5.2.2 Benchmark statistics

The reference robust optima and their corresponding locations for the five numerical test problems are shown in Table 1. These optima were obtained by direct robust optimization using the analytical expressions, i.e. without metamodel error. The number of constraints, \(n_h\), is shown in column 2 while the number of total dimensions of the problem \(n_d\) is given in the last column. The domain size in \(\mathbb {X}_c\) and \(\mathbb {X}_e\) is provided in column 3 and 4, respectively. Column 5 shows the robust optimum location for \(\mathbf {x}_c\) while column 6 gives the robust optimum location for \(\mathbf {x}_e\). The robust optimum objective value is given by \(f(\mathbf {x}_c,\mathbf {x}_e)\) in the second last column.

It is important to realize that the worst-case location for \(\mathbf {x}_e\) is different for the objective as opposed to the worst-case value for \(\mathbf {x}_e\) in the case of a constraint. The locations for \(\mathbf {x}_e\) listed in the table represent only the robust optimum location in \(\mathbb {X}_e\). On the other hand, the maximizer in \(\mathbb {X}_e\) for each constraint has not been listed.

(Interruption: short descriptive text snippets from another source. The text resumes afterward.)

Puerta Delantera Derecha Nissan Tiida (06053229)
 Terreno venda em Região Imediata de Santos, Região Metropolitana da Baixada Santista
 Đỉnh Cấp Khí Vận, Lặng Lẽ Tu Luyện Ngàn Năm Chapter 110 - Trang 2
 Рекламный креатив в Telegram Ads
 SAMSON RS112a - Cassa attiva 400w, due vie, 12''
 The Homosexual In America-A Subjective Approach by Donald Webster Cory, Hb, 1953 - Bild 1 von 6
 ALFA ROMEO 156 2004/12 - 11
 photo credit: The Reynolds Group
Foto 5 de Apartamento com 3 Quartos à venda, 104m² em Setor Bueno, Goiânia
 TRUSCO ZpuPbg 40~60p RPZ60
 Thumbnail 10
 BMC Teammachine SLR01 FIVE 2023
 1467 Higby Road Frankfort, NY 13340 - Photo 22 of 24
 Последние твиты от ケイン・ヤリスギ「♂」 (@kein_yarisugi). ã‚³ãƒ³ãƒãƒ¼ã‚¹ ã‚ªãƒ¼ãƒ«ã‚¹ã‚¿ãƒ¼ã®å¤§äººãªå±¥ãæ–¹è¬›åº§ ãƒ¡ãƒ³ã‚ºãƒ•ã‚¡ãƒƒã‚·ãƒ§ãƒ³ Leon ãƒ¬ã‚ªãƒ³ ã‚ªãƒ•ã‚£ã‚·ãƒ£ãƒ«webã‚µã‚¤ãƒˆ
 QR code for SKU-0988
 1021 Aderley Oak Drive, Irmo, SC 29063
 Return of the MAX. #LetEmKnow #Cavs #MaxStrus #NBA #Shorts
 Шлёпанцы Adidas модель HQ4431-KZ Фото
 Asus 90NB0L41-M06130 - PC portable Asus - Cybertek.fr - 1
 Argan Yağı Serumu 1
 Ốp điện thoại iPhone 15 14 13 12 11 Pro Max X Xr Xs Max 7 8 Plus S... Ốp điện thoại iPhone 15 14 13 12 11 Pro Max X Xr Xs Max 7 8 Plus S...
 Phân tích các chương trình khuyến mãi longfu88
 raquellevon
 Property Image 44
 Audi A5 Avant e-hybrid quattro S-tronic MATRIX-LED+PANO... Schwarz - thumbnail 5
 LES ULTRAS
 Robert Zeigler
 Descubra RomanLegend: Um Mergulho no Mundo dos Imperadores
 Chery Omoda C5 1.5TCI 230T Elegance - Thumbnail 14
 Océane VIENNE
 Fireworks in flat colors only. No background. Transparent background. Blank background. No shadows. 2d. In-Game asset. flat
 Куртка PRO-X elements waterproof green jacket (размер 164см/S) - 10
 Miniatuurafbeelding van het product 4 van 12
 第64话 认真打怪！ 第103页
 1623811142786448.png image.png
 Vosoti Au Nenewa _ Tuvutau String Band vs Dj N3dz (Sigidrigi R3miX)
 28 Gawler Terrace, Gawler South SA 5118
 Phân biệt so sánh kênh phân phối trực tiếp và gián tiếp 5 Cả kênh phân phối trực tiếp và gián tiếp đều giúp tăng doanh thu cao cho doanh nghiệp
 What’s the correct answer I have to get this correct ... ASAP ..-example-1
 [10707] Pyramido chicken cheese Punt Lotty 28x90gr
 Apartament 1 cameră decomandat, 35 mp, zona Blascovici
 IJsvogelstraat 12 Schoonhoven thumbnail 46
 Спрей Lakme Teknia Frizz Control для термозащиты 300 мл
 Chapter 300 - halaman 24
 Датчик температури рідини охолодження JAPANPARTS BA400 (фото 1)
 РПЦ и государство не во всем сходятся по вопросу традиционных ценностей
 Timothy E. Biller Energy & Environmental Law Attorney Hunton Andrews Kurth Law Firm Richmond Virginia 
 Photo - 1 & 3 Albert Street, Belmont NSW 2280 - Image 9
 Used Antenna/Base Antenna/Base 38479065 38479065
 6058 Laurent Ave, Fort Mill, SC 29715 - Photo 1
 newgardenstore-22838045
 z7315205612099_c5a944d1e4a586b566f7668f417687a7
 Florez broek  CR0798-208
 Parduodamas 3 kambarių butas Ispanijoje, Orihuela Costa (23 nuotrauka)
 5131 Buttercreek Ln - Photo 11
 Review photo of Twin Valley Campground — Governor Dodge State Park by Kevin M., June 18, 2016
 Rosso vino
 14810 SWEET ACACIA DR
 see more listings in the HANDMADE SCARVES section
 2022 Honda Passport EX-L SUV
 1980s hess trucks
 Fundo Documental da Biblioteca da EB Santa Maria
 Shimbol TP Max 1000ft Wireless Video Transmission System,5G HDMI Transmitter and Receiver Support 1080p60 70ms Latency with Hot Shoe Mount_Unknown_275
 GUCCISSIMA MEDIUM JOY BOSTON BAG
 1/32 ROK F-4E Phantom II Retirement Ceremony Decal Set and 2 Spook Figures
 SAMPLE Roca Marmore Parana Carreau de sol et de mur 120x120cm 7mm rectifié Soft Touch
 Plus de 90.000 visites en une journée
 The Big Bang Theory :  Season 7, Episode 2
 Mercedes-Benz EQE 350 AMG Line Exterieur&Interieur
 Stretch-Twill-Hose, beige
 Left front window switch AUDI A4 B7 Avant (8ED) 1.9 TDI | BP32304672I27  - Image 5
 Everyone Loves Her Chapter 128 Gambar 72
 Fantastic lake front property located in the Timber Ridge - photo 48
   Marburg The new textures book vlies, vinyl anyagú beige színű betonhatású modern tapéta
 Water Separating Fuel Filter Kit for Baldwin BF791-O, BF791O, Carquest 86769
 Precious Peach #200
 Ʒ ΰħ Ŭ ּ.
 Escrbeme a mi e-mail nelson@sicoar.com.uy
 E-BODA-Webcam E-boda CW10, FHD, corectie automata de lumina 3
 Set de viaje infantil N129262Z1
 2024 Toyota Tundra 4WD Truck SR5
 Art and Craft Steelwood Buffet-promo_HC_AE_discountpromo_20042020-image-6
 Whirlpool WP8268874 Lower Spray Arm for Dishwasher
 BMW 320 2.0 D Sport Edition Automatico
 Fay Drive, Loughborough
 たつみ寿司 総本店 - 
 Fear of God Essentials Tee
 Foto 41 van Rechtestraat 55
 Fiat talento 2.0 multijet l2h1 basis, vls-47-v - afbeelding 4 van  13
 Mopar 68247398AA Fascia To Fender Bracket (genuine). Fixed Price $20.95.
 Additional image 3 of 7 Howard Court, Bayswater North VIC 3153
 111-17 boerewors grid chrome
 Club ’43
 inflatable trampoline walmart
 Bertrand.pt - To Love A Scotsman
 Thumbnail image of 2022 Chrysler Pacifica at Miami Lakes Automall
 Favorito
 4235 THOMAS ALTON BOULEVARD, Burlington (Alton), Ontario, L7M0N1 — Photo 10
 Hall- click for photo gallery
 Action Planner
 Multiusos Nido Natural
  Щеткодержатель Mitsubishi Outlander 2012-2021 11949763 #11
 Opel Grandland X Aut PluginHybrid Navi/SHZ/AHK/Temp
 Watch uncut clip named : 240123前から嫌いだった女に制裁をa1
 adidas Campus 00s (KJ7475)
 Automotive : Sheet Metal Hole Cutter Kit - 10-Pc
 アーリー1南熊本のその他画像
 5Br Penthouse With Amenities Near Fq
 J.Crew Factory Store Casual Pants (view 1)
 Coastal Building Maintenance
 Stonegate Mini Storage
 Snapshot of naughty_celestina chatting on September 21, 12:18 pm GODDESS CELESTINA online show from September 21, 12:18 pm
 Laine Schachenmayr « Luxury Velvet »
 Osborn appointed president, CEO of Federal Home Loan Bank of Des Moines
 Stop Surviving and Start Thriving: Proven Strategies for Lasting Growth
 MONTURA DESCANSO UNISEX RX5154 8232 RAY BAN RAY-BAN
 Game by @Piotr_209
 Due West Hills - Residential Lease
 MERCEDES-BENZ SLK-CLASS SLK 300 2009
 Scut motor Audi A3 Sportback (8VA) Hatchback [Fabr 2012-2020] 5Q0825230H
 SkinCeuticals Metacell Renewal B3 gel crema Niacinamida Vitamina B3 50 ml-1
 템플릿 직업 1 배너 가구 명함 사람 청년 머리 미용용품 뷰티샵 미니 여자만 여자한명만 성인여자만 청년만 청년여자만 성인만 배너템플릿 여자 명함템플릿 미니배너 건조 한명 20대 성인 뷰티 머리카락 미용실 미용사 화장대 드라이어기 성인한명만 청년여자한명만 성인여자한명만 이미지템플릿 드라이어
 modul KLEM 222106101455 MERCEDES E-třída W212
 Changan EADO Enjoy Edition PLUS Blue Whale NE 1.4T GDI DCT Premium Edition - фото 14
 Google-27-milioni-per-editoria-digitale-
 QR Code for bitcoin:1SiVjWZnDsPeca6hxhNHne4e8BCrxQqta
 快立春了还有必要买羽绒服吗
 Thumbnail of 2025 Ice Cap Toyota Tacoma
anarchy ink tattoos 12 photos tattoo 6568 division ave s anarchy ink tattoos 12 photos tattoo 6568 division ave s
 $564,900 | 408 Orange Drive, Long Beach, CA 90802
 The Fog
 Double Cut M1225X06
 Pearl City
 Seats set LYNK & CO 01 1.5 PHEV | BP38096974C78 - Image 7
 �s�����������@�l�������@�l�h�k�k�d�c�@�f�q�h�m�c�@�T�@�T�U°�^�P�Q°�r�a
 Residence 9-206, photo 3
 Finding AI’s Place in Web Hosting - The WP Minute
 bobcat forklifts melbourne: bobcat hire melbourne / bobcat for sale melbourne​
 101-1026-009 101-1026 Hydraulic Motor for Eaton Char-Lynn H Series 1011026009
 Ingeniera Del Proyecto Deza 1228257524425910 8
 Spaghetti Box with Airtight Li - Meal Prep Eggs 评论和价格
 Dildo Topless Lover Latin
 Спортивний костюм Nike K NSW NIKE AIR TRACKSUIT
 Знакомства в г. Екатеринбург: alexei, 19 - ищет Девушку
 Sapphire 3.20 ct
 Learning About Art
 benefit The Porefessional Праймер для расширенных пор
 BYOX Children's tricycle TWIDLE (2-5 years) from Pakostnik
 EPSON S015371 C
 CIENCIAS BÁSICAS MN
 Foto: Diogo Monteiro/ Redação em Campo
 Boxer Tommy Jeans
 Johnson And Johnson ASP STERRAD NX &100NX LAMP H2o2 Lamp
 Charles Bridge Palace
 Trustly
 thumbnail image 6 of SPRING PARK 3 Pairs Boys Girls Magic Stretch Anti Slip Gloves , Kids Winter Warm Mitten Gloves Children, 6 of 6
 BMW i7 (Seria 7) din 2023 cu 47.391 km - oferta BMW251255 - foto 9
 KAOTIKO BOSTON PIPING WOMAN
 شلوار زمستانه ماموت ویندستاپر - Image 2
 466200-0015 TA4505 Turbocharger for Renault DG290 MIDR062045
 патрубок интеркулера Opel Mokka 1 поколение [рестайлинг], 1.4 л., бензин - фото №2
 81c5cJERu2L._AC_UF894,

Table 2 shows the average numerical performance of the proposed approach based on 100 runs of each test problem. The problem number is given by the first column. The second and third column provide the mean robust optimum location in \(\mathbb {X}_c\) and \(\mathbb {X}_e\) based on the 100 runs, respectively. The mean and standard deviation of the objective value at the robust optimum for each function are given in column four and five, respectively. The average total number of expensive function evaluations required to achieve this average performance is given in the sixth column. The second last column gives the number of dimensions of each problem.

Fig. 8
figure 8

Ratio of the mean robust optimum, found by the algorithm based on 100 runs, to the reference robust optimum is plotted. The error bars show the standard deviation around the mean value for each problem

Fig. 9
figure 9

The robust optimum found on the metamodel at each iteration of the algorithm for problem P1 is plotted. The metamodel is initially constructed using only 10 initial samples. The plot also shows the objective value for the robust optimum on the reference function

Fig. 10
figure 10

The robust optimum found on the metamodel at each iteration of the algorithm for problem P1 is plotted. The metamodel is initially constructed using 40 initial samples. The plot also shows the objective value for the robust optimum on the reference function

The ratio of the mean robust optimum objective value (column 4 in Table 2) to the reference robust optimum (column 7 in Table 1) is plotted in Fig. 8 for the five test problems. The error bars indicate the standard deviation around the optimum for each test problem. The standard deviation varies dramatically from one problem to another. This difference is a function of the local gradient in the neighborhood of the robust optimum for the individual problems. Obviously, higher gradients lead to greater relative deviation even when there is a small change in the design variables. In this context, the location of the robust optimum and their relative accuracy is also highlighted. In almost all cases, the numbers compare quite well with the reference optima locations. Where there are larger local deviations in a particular variable, this can be attributed to the fact that the objective could be locally very flat with respect to that variable in the neighborhood of the robust optimum. Additionally, in some cases two different values of a particular variable can lead to the same robust optimum. This is the case for \(x_{c2}\) for problem P2. Therefore, the average value for \(x_{c2}\) for problem P2 is completely different from the reference location.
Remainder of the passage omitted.